The v5.0 release introduced abstraction layers to reduce coupling to Claude Code's specific hook system, but the fundamental model remains: hooks as the enforcement surface, typed Python runtime for policy evaluation, SQLite for state persistence, and multi-agent orchestration with explicit capability boundaries. The project is self-hosting, meaning ClauDEX's own development uses ClauDEX as the control plane—a form of dogfooding that validates whether the governance model actually works for complex software projects.
Gotcha
The biggest limitation is tight coupling to Claude Code's ecosystem. Despite v5.0's abstraction efforts, porting ClauDEX to work with Cursor, Aider, or GPT-Engineer would require reimplementing substantial portions of the event adapter layer. Each AI coding tool has different hook points, execution models, and state management approaches. The git hook system is flexible, but not every tool even uses git as its primary coordination mechanism.
Operational overhead is significant. You're running a Python runtime, maintaining a SQLite database, managing multiple git worktrees, and orchestrating multi-agent workflows for what might be simple code changes. A one-line bug fix goes through Planner → Guardian → Implementer → Codex → Reviewer → Guardian instead of just making the edit.
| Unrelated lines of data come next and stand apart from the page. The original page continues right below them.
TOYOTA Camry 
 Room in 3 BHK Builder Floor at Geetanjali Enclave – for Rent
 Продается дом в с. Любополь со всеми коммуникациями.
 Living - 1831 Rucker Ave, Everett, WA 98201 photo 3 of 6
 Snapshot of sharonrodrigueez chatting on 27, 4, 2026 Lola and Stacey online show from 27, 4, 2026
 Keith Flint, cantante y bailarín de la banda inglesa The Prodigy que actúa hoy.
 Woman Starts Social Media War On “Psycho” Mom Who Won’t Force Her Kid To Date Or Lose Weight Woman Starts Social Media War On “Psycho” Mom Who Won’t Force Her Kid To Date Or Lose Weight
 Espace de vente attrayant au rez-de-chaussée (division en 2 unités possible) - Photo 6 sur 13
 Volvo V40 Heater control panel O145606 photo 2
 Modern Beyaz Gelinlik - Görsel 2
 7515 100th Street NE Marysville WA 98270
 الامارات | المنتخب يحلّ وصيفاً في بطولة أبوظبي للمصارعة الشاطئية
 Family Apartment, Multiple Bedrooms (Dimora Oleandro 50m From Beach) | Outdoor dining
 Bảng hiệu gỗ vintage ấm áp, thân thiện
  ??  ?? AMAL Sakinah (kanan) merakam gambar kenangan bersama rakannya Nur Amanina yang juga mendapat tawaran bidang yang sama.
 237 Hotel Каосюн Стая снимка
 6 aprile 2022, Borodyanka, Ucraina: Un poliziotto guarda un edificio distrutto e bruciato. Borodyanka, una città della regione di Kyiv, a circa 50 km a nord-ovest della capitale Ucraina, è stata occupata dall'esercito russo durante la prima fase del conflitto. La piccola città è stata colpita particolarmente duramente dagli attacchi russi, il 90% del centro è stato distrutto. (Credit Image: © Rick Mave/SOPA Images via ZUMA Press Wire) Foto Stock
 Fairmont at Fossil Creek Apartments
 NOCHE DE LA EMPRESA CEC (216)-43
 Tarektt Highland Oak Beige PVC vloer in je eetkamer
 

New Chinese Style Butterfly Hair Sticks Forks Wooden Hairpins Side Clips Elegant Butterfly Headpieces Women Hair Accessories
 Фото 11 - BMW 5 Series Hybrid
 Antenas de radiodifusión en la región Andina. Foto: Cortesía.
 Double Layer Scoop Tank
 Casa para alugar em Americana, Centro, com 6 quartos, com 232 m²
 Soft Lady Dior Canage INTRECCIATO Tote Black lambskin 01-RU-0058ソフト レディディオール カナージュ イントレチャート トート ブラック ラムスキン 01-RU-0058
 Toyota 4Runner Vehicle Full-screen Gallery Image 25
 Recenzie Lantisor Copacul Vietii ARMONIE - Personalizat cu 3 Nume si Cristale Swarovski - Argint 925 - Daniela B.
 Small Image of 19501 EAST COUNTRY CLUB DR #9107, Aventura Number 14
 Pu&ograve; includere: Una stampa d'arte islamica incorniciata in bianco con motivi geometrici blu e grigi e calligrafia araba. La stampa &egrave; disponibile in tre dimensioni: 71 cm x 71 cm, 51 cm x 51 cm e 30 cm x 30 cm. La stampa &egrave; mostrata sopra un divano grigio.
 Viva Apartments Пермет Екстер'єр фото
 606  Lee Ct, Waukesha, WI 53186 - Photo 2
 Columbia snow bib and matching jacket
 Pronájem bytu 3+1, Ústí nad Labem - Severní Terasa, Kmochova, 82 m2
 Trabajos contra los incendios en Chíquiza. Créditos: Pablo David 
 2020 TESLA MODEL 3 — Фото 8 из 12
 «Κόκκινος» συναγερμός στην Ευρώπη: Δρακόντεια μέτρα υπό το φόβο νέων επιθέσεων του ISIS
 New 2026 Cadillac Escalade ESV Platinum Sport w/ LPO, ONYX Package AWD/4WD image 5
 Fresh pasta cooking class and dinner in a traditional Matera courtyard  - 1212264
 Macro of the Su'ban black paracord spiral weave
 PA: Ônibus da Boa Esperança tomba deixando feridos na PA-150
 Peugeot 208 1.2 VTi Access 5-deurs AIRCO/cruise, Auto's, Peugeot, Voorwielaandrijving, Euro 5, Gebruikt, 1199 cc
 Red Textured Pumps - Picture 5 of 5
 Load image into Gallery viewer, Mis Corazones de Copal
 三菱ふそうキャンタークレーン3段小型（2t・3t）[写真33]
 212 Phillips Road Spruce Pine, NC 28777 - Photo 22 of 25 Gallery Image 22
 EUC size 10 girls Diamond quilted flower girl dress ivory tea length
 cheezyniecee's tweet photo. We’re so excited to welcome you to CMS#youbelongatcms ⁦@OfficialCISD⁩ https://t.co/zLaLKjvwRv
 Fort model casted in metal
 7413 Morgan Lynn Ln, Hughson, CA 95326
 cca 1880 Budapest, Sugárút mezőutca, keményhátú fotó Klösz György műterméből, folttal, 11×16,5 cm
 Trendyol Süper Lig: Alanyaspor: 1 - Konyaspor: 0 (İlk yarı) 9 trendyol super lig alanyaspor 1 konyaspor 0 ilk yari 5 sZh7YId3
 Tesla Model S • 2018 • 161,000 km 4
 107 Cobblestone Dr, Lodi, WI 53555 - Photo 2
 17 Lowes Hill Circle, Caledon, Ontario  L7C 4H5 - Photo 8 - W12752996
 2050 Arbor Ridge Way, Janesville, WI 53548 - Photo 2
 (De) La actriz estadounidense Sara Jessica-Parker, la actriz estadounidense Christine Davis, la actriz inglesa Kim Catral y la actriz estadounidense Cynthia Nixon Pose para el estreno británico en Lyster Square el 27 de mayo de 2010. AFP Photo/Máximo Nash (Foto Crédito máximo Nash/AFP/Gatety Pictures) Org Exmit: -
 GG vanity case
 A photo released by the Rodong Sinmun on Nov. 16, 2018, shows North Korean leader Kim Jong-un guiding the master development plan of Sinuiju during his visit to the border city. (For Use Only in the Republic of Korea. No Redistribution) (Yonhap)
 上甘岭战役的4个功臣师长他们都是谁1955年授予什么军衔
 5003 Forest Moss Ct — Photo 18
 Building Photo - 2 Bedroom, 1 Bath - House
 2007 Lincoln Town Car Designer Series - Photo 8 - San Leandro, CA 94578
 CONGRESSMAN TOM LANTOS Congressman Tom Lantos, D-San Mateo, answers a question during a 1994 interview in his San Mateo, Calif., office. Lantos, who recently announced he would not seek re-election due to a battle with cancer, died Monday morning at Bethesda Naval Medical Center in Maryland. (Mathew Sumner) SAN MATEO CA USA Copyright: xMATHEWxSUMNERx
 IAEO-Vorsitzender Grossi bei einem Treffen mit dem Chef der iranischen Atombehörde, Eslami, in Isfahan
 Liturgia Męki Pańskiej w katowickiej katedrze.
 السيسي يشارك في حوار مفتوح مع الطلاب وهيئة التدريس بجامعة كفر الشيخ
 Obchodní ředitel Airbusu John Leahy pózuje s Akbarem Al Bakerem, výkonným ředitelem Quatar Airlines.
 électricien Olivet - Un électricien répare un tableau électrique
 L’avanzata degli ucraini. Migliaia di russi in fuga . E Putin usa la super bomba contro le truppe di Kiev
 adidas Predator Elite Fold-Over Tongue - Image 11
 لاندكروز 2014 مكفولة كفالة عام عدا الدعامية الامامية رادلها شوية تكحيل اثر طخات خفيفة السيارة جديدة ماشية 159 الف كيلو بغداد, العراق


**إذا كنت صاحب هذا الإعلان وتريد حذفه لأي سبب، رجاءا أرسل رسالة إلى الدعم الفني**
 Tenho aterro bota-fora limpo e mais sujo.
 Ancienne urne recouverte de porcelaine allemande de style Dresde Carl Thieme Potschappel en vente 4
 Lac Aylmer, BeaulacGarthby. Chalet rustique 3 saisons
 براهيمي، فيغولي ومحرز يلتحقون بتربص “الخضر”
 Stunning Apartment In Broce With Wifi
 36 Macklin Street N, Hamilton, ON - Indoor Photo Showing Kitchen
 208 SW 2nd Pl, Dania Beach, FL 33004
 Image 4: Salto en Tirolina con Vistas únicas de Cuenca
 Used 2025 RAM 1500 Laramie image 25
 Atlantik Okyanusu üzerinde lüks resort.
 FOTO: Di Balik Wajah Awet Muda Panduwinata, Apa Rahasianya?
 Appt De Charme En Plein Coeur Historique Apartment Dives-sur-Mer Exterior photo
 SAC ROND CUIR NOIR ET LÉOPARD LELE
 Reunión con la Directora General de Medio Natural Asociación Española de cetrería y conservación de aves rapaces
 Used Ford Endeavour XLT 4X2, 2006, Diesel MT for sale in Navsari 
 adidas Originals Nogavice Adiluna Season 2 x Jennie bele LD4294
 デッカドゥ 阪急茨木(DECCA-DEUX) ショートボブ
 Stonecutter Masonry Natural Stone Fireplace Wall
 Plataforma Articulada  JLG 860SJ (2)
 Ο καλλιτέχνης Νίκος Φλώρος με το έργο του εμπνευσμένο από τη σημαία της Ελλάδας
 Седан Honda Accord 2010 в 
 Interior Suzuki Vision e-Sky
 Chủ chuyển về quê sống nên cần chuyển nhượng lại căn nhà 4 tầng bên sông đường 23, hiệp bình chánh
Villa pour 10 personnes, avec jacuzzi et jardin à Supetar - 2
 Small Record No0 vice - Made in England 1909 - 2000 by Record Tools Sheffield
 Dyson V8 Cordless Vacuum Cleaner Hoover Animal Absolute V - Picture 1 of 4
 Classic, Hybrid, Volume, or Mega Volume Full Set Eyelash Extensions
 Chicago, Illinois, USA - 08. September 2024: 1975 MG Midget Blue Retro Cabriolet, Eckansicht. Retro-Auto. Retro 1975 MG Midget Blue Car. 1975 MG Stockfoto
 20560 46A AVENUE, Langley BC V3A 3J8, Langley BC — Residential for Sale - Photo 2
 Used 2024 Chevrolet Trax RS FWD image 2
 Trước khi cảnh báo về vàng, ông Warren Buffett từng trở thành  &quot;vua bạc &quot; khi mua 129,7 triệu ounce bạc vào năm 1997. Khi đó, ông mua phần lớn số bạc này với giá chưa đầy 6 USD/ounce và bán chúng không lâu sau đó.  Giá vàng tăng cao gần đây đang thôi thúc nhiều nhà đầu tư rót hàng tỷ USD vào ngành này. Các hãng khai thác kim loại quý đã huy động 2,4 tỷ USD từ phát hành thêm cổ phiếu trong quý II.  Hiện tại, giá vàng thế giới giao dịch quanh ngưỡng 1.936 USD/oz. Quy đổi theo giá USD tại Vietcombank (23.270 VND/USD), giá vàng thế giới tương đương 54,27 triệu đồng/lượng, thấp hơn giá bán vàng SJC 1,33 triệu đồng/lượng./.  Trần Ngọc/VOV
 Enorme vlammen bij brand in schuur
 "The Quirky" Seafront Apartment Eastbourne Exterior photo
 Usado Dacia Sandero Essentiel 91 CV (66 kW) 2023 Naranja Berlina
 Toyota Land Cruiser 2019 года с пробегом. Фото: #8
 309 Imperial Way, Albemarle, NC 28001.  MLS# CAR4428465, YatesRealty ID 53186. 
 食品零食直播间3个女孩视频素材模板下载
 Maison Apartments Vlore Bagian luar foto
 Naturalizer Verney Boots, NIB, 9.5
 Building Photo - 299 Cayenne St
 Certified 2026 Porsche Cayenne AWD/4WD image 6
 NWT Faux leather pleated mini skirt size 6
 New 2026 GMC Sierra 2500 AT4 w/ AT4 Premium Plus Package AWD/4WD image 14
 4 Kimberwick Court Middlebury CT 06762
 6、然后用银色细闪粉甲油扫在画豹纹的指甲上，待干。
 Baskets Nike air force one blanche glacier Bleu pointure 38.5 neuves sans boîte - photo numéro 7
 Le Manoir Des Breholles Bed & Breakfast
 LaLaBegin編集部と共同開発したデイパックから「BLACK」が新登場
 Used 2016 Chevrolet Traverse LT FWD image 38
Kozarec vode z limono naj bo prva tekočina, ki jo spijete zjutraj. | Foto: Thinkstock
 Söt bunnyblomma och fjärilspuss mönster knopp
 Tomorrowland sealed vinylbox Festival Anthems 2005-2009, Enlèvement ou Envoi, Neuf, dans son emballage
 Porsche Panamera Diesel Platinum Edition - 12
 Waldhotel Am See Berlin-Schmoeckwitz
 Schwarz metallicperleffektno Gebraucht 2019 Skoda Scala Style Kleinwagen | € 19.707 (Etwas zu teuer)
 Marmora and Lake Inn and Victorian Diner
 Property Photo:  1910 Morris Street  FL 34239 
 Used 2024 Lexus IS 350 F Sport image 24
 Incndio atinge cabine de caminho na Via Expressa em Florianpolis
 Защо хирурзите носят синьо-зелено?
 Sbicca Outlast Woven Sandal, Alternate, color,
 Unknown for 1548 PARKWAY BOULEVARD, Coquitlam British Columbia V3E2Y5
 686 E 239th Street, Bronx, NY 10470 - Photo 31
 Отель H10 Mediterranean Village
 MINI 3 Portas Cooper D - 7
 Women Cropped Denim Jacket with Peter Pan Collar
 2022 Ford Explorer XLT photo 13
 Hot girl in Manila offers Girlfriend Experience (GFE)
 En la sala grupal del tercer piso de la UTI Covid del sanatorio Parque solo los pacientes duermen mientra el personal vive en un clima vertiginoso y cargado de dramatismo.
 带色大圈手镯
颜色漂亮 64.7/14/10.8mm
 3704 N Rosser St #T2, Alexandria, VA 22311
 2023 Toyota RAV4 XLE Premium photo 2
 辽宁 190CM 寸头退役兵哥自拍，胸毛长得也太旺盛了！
For small projects or rapid prototyping, this is overkill. The learning curve is steep—the documentation assumes familiarity with systems thinking, cybernetic control theory, and git worktree mechanics. Terms like "capability isolation," "convergence critics," and "self-evaluating programs" create conceptual barriers for developers who just want safer AI assistance. The philosophical framing, while intellectually interesting, can obscure practical usage patterns for newcomers who need concrete examples before abstract theory.
Verdict
Use ClauDEX if: you're building production systems where AI coding agents need deterministic safety guarantees, you're working on regulated codebases where audit trails matter more than velocity, you're researching governance frameworks for autonomous AI systems, or you're a systems thinker who values mechanical correctness over prompt engineering folklore. Skip if: you need simple AI pair programming without architectural overhead, you're using non-Claude coding assistants and don't want to build custom adapters, your projects prioritize iteration speed over enforcement rigor, or you prefer lightweight prompt strategies to complex multi-agent orchestration. This is a power tool for teams treating AI agents as untrusted components in safety-critical systems—not a drop-in replacement for Copilot.